- BC Games
Horner: It's past time to get serious here
Okay, I get it.
Enough with the cutesy stuff. No more tales of personal misadventure with my son, reminiscences of life on the cougar ranch or touching tales of dating disaster. I should use this space to write about something that matters — something important.
I guess the question has to be posed though, of what is important. Depending on one's point of view, the answer could end up all over the map. What I might think to be a crucial issue may seem trivial to some and downright misguided or even delusional to others.
I guess my best bet would be to hold up my ideas about what's important and see where they fit with our societal norms. If there's a match, then I'll write this column about it.
To me, the issue of a runaway greenhouse effect would probably be right on top of the list. They say the climate on Venus was caused by a runaway greenhouse effect and it's hot enough on the surface there to melt lead. If this really gets going — and we can see evidence of it all around us — where will it stop? Will temperatures stabilize once there's been a huge die-off and what is left of humanity is reduced to impoverished savagery, or will the process continue until, like Venus, there's little hope for any kind of life at all? Read all about it — not!
When I hold that belief up to the societal cues I see around me though, I don't get the feeling that it's important. One would think stories about the possibility of civilization's collapse and species extinction would dominate, but they don't. Any such stories are buried, if they're told at all, somewhere in the back pages.
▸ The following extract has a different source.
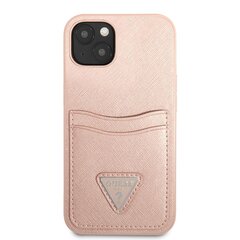 Guess Saffiano Double Card -kotelo iPhone 13 mini Pinkille hinta ja tiedot | Guess Puhelimet, älylaitteet ja kamerat | hobbyhall.fi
Perhaps what's important has something to do with the Wall Street swine and corporate CEO scum who tanked the entire economy to satisfy their insatiable greed and who, to date, have been handed a pass by both the courts and the media, even as they give themselves more obscene bonuses.
Whoops, I guess I answered my own question there, eh?
Is it the rapid deterioration of the parliamentary democracy used to govern this country? Judging by the headlines, I would suggest not.
One might think the acidification of the oceans or the disappearance of 90 per cent of the large fish species in them might make it into the top 10, but no.
The yawning gulf between the rich and poor? How about kids getting blown to bits by drone strikes in other people's wars? Nope and uh-uh.
So what the heck am I supposed to write about?
My conundrum didn't last, fortunately.
It cleared itself right up when I took a trip through the checkout at a local supermarket and what I saw there in blazing, urgent headlines showed what society evidently believes to be important.
So ... I don't care what anyone says, Britney is still hot, regardless of what she looks like without makeup.
Then there's the cellulute issue. I'm not sure which star that was because her face was blanked out but honestly — a bikini?
Speaking of disasters, what's with those Kardashians? How can they be so mean to their sister? She's just a human, like Britney. Be kind!
That message can certainly go for Jen and Brad and Tom and all the other one-named celebrities.
As for for the Royals, Kate really should put on just a little bit of weight before she has the baby, don't you think?
Yeah, I know, it's delicious, but I like to believe that what's important to our society can't just be confined to salacious gossip about beautiful, young rich people.
Fortunately, our cultural priorities are not only determined by tabloid headlines. Discussion at the coffee pot also has a role to play and in this regard, it appears Canadians at least are just a little bit deeper than that.
I am comforted in the knowledge that we in this country know there is more to this life than debating who has the best body on the beach and who will never forgive whom for what. Hence the subject of this column.
So ... how about that one goal eh? Right between the pipes!
Neil Horner is the assistant editor of the Parksville Qualicum Beach News and a regular columnist.